One of the things that most draws me to Tolkien is the way he deals with theodicy, or the problem of evil. What exactly is the “problem of evil”? I’d define it this way, complete with tones of horror and despair: “O God, why would you allow this to happen to us?”
In response to this question, the Catechism of the Catholic Church speaks of the “happy fault.” This is perhaps where the rubber of Christianity meets the road of human experience. After all, as anyone who has wondered why Crucifixion Friday is called “Good” Friday can tell you, Christians hold up the Crucifixion, that most evil of all events, as somehow also the greatest good. It is one of the mysteries at the heart of the Christian conception of reality: that out of evil, some greater good will emerge.
In Chapter 11 of The Silmarillion, Tolkien deals with the inherent tension in the problem of evil head on. In the aftermath of Melkor’s destruction of the Two Trees and Fëanor’s subsequent rebellion against Valinor, Manwë and the other Valar ponder the destruction and what good can possibly come of it. It is Manwë, known for being closest to the mind of Ilúvatar (God), who exclaims “[E]ven as Eru spoke to us shall beauty not before conceived be brought into Eä, and evil yet be good to have been.” Manwë remembers the Music. Every time Melkor tried to insert something of his own devising, Ilúvatar, the conductor, was able to create something even more beautiful by it.
Manwë sets an example for us. As we survey the devastation of evil in our lives (no matter the cause), it can be an occasion to despair or defeatism. Yet Manwë is able to remember how this played out before. He remembers the Halls of Ilúvatar, those ancient moments when Melkor sought to ruin the Music of the Ainur and somehow Ilúvatar used his work to make the Music even more beautiful. This is an act of visionary might, a spiritual reflex to cultivate within ourselves. Have I known triumphs to come from tragedy before? Do I believe that it will happen again? Do I trust God to work not just good, but even greater good, out of this?
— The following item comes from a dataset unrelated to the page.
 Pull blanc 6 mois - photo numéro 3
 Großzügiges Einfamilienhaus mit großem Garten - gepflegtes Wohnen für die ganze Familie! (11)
Still, it’s important to note that it is not Manwë who has the final word here, but Mandos, the master of doom. To Manwë’s epiphany that evil shall “yet be good to have been,” Mandos soberly retorts “And yet remain evil.” Now it would be easy to write off Mandos as some sort of cosmic Debbie Downer here, but that would miss the point. No, Mandos is keeping Manwë (and us) grounded to the reality of evil’s immediate effects. In this, I see an important spiritual qualifier for Christians, even as they trust God to work all things for good. Though we do most certainly hope in Him who seems to have proven Himself by the reality of Christ’s Resurrection, evil and suffering yet remain something that each human being must deal with on her own terms. Each of us is given different crosses to bear, different ways in which we must suffer, and we must never presume to know what another is experiencing within themselves.
Mandos reminds us that we shouldn’t try to sugarcoat evil or suffering. Though we hope for triumph and a greater good to result, we must never lose sight of suffering’s bitter reality, of the existential horror associated with so much evil. This is the tension of the mystery, the reason comprehending it rises above the power of our intellects. In brief, we must never presume to triumph over another’s suffering for them simply because we know the ultimate outcome. It is a commendable thing to encourage hope and strength in our neighbor who suffers; it is the worst sort of pride to presume to know their pain better than they do.
The Outcome of Tragedy
The remaining chapters of The Silmarillion bear witness to the good that is to emerge from the tragedies of Valinor. One of the most immediate effects is the adorning of the sky with the Sun and the Moon. Further on, we witness the great and beautiful valor of heroes like Fingolfin, Finrod Felagund, Beren, Lúthien, and Eärendil. Glorious cities are founded, and the lines of Elves and Men are joined in ways that will lead to the births of great heroes in ages to come. While there is plenty of evil yet to occur, we learn that Melkor’s powers are slowly diminishing with every evil act he commits. There is an end to the tragedy in sight.
Like the heroes of Tolkien’s world, our lot is not to labor in the full light of the good that is to come, but nor is it to labor in darkness or despair over the evil that seems to abound. Instead, we train our hearts to hope, to recall the triumphs and eucatastrophes of the past, and so to look with expectation to the glorious new reality that is to come.